Tag Archives: pantsers

Pantsers vs Plotters

We often hear that writers fall into one of two camps: pantsers or plotters.  In truth, most of us straddle those two camps with a toe and maybe an arm in one and most of our body in the other.  I am one of those ridiculously methodical people who have a spreadsheet or a list for everything.  My writing desk needs to be spotless and organised.  I have multiple spreadsheets tracking everything from submissions to budgets to daily word counts.  Wouldn’t you expect me to be a plotter?

Actually, I’m a pantser – I write by the seat of my pants, without an outline, figuring it out as I go.  I usually start with a particular setting I want to explore and as I get to know the characters who inhabit that setting, the story unfolds.  But I’d love to be a plotter.  The methodical part of my brain adores the idea of a neatly-constructed outline, a manuscript mapped out scene by scene, writing with a definite end in mind.

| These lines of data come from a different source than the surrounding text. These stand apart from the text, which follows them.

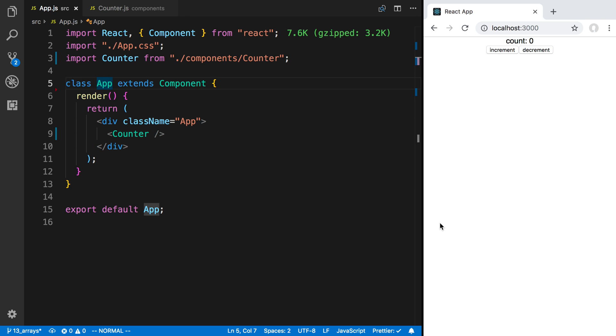We're going to be taking a look at a technique called lifting up the state. To do this, I have the counter example we made in an earlier video and I'm rendering it in our class component, or app component.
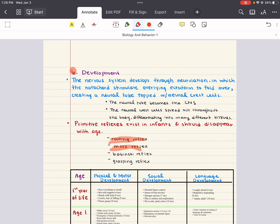There's also the Babinski reflex. It causes the toes to spread apart automatically when the sole of the foot is stimulated. And then there's also the grasping reflex, which occurs when the infant closes his or her fingers around an object placed in their hand.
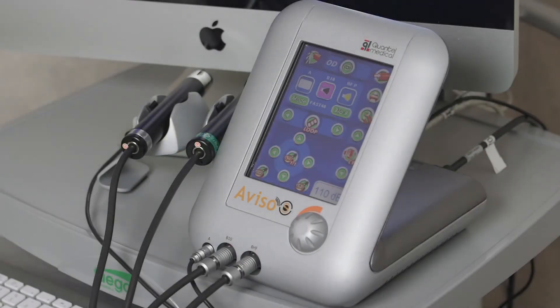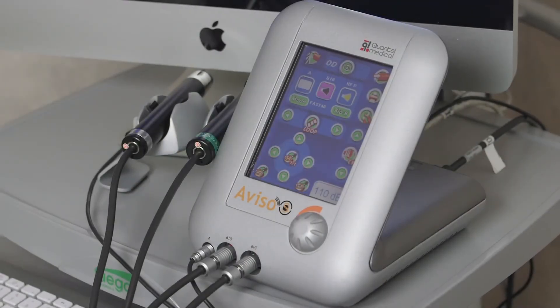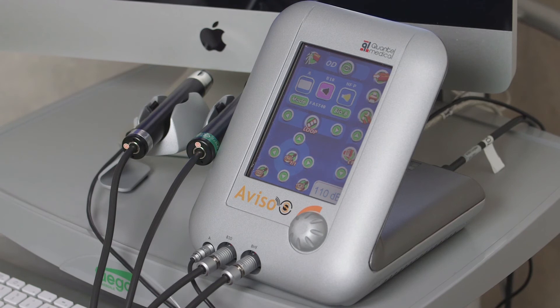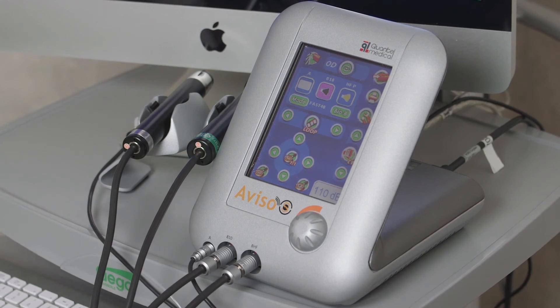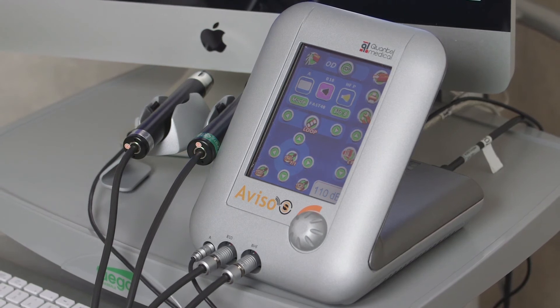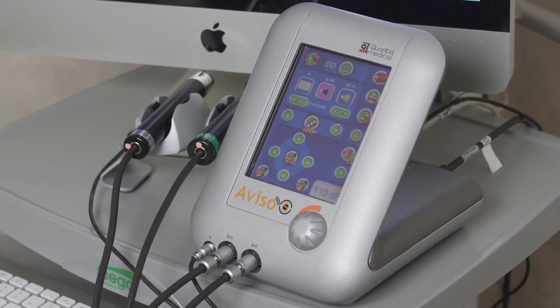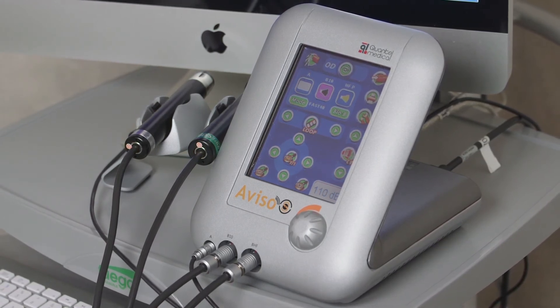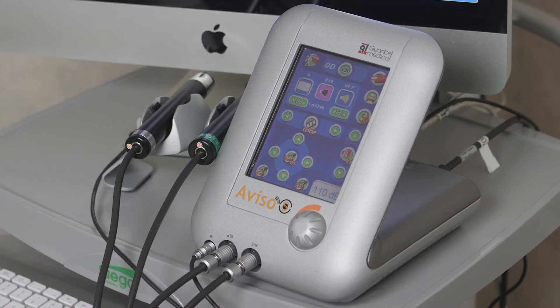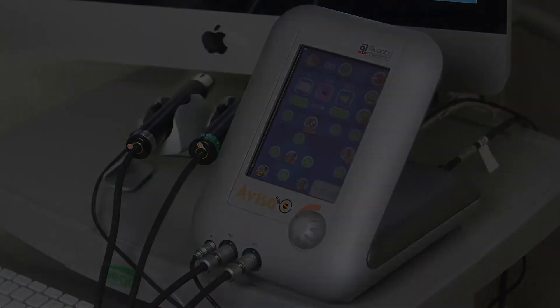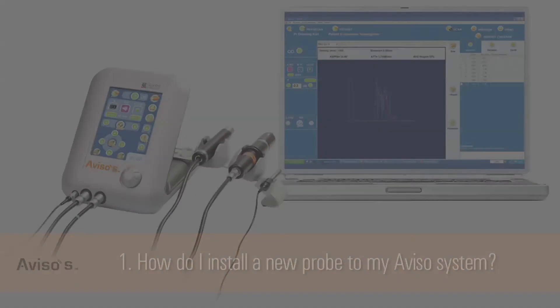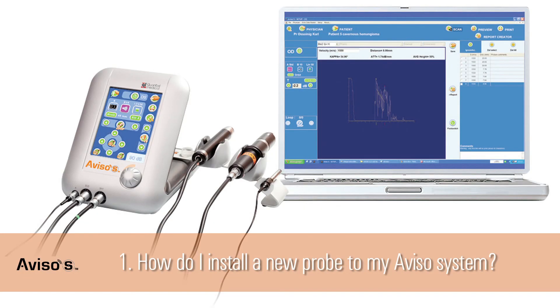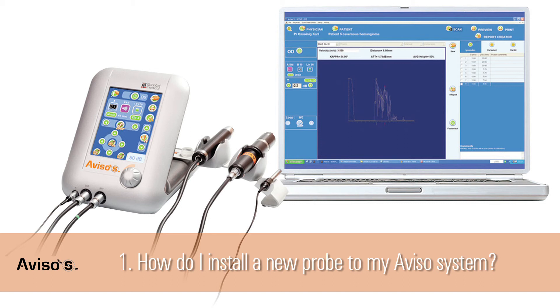With the key features of the Aviso-S hardware and software in mind after this initial review, we will now turn to the top five most frequently asked questions about this device. Question 1: How do I install a new probe to my Aviso system? Every new probe comes with installation instructions written on the probe file card, and each probe has specific parameters. Follow these steps to install a new probe. Insert the probe's corresponding CD-ROM in the drive and press the Add button.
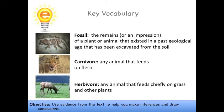Some key vocabulary for this quest: Fossil. Carnivore. And herbivore.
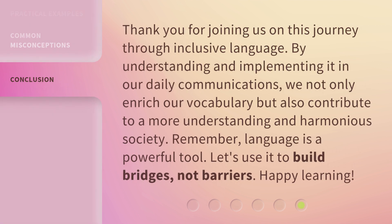Thank you for joining us on this journey through inclusive language. By understanding and implementing it in our daily communications, we not only enrich our vocabulary, but also contribute to a more understanding and harmonious society. Remember, language is a powerful tool. Let's use it to build bridges, not barriers. Happy learning!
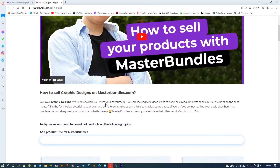Before we get to the upload part, let me read something here. They're saying: 'Sell your graphic designs — we are here to help you meet your consumers. If you are looking for a good place to boost sales and get great exposure, you are right on the spot. Please fill in the form below describing your deal and don't forget to give us some links to preview some pages of yours. If you are already selling your deals elsewhere, no problem — we can always sell your products on better terms.'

I’ve tried to be a plotter.  I really have.  Before I started writing my previous manuscript, I wrote a detailed outline.  I knew exactly where the manuscript was heading and what would happen in every chapter.  I lasted two scenes and then deviated irretrievably from the outline.  Perhaps I could have forced the story to follow the path I had originally chosen, but the way it went instead felt more natural and the outline was abandoned.

Yet I still longed to be a plotter.  So this time I’m trying something different.  I have a very brief outline written on index cards – lovely big, pink ones.  I adore index cards and the methodical part of my brain is thrilled at having a stash of those pink cards spread out around me as I write.  It makes me feel like a “proper” writer.

The index card method is working well.  Because I can change the order of the cards, I’m finding it easier to insert additional scenes or move them to a more appropriate place as the story changes.  The story is coming out more easily because I do have some sort of plan in mind, however brief.  As I get to know my characters and understand what drives them, the story I had intended naturally changes.  With my new index card system, I can shuffle around a few cards, add others in, remove the ones I no longer need, and hey presto, I still have an outline of sorts and the yet the story can follow its own course.

I’m not saying I’m a reformed pantser, not by a long shot.  By I have discovered that pantsers and plotters are perhaps not as mutually exclusive as I once thought.

How about you?  Are you a pantser or a plotter?  And which would you prefer to be?